Surface modification for the production of efficient photoelectrochemical devices

  • Giovanni Zangari, University of Virginia, United States
  • Marco Villa, Universita' di bergamo, Italy
  • Photoelectrochemical water splitting with a solar photovoltaic cell provides for the direct conversion of solar energy into a practical chemical fuel such as hydrogen. Current devices however suffer from the high cost, low efficiency and limited lifetime of the electrodes, in particular the photoanode. We investigate here the effect of various surface modification procedures for Si and Ti oxide surfaces on the photoelectrochemical production of hydrogen.
    Pt nanoclusters were deposited on Si by electrodeposition, electroless deposition and from water-in-oil microemulsions, in order to control and thus optimize the average diameter, dispersion and density of Pt clusters. Pt islands with smallest dimensions (20-40 nm) and narrow size distribution were best obtained from reversed micellar solutions. Conversion efficiency is found to depend on light intensity (10 - 100 mW/cm2); at high intensity, only Pt islands with small size were capable to maintain photoconversion efficiency as high as 20%.
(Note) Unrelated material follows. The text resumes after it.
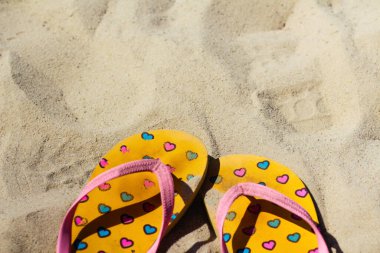 Kirli, parlak sarı ve pembe terlikler üzerinde pembe ve mavi kalpler olan terlikler. Yaz dönemi. Sıcaklık, rahatlama ve iyileşme kavramı, tatil. Odaklanamıyorum.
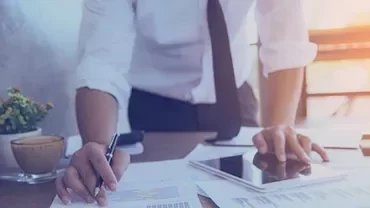 Personne travaillant à un bureau avec des documents, une tablette et un café.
    Arrays of Ti oxide nanotubes with diameters 100-200 nm were obtained by electrochemical anodization of sputtered Ti films; surface modification by carbon or nitrogen, achieved by thermal annealing in suitable atmospheres or electrochemical charging in suitable solutions, were found to decrease the energy gap of the titania and to provide for an increased photoconversion efficiency under simulated solar light.